Practice of Image Feature Extraction and Its Applications in Retrieval and Quality Assessment
This article summarizes a team's practical experience with various image feature extraction methods—including global, local, and CNN features—and demonstrates their use in image retrieval and no‑reference quality assessment through extensive experiments and analysis.
Background : Visual perception is fundamental to humans, making image data crucial for many tasks such as image moderation, classification, face recognition, OCR, object detection, retrieval, and quality assessment. The authors' platform stores massive image collections, prompting a systematic study of feature extraction techniques.
Feature Extraction : Global features : Simple descriptors like average hue, saturation, brightness, sharpness, and contrast that capture overall image statistics but are sensitive to illumination and rotation. Local features : Point‑based descriptors (e.g., SIFT, SURF, ORB) that are robust to scale, rotation, and illumination changes. The pipeline includes keypoint detection (DOG, FAST, etc.) and descriptor computation, followed by encoding methods such as Bag‑of‑Visual‑Words (BoVW), Fisher Vector (FV), and VLAD. CNN features : Deep representations extracted from pretrained or fine‑tuned networks (e.g., VGG16 fc2, Xception avg_pool). Deeper layers provide high‑level semantic information, while earlier layers capture low‑level patterns.
Applications : Image Retrieval : Built instance‑ and category‑based retrieval datasets (2,000 images each) and evaluated feature combinations. Retrieval pipeline includes feature extraction, codebook training (BoVW, VLAD), inverted‑index construction (no product quantization), and L2 similarity scoring. Image Quality Assessment : Conducted no‑reference quality evaluation on public datasets (TID2008, CSIQ, LIVE) using Xception avg_pool features and a binary SVM classifier, reporting accuracy, recall, and AUC.
Experimental Results : For category retrieval, Xception avg_pool features outperformed SIFT. For instance retrieval, SIFT combined with VLAD encoding yielded competitive results. Quality assessment achieved acceptable accuracy on LIVE but lower recall for certain distortion types, likely due to limited training data.

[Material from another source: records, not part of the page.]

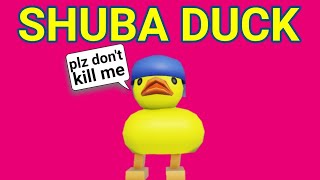 shuba duck roblox [upl. by Ikcin256]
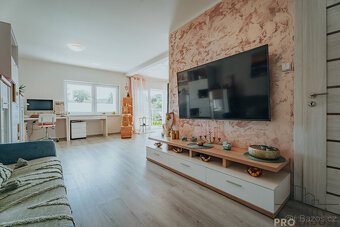Prodej, Rodinný dům 243m2, pozemek 1303m2, Popůvky - 13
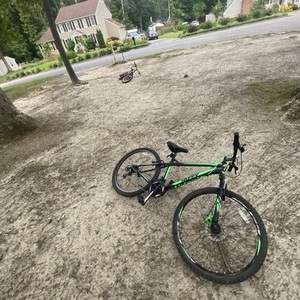 2023 Other Unknown Green and Black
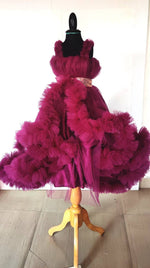 Load image into Gallery viewer, Girls Luxury Party Gown 
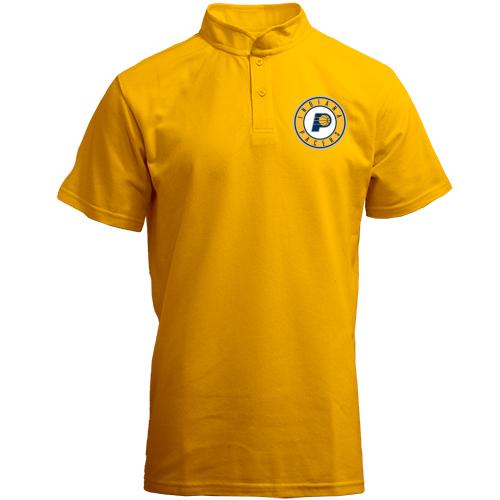 Футболка з коміром стійкою Indiana Pacers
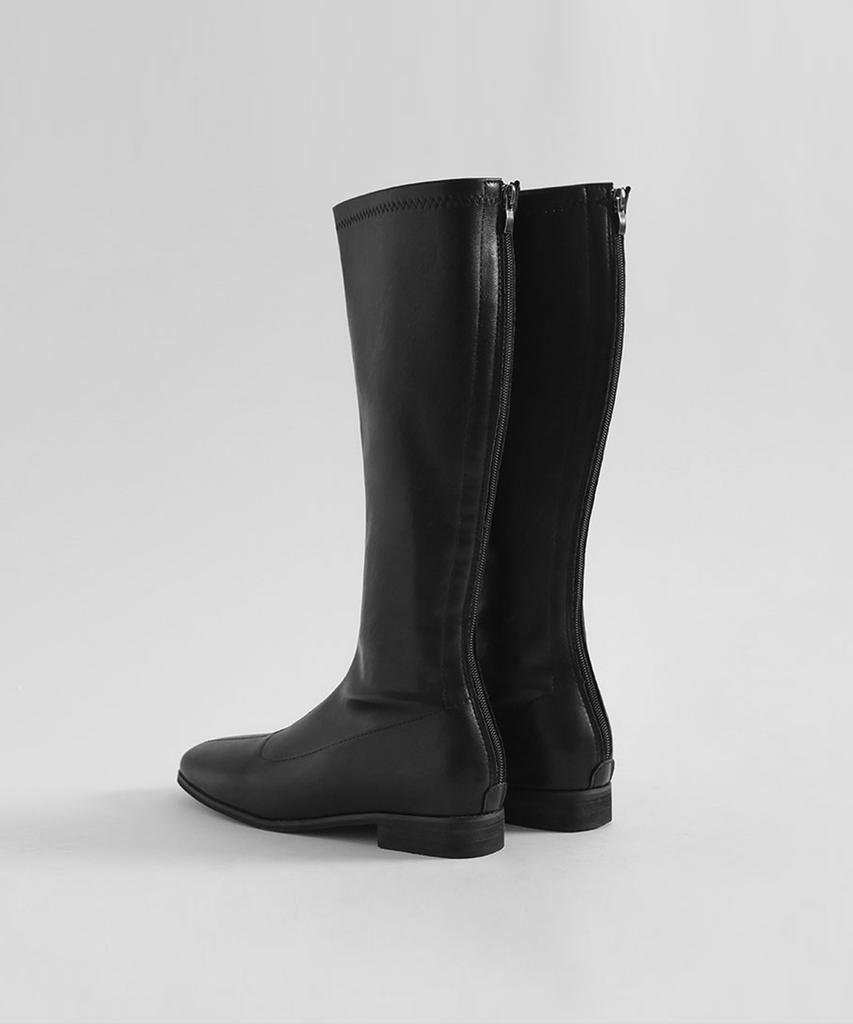 Chaakan Amo Socks Long Boots 2.5Cm Bllts4D298 (B Type)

Future Directions : Compare different pretrained CNN models and layers. Explore feature fusion (CNN shallow vs. deep, handcrafted vs. deep, local vs. global). Scale up proprietary image datasets and fine‑tune models. Extend quality assessment with larger datasets and additional degradation types. Investigate the use of image features for CTR prediction, deduplication, and other downstream tasks.
Conclusion : The team’s practical study shows that a variety of image features—global statistics, local descriptors, and deep CNN embeddings—have distinct strengths for different tasks. Selecting appropriate features based on task requirements leads to effective and efficient solutions.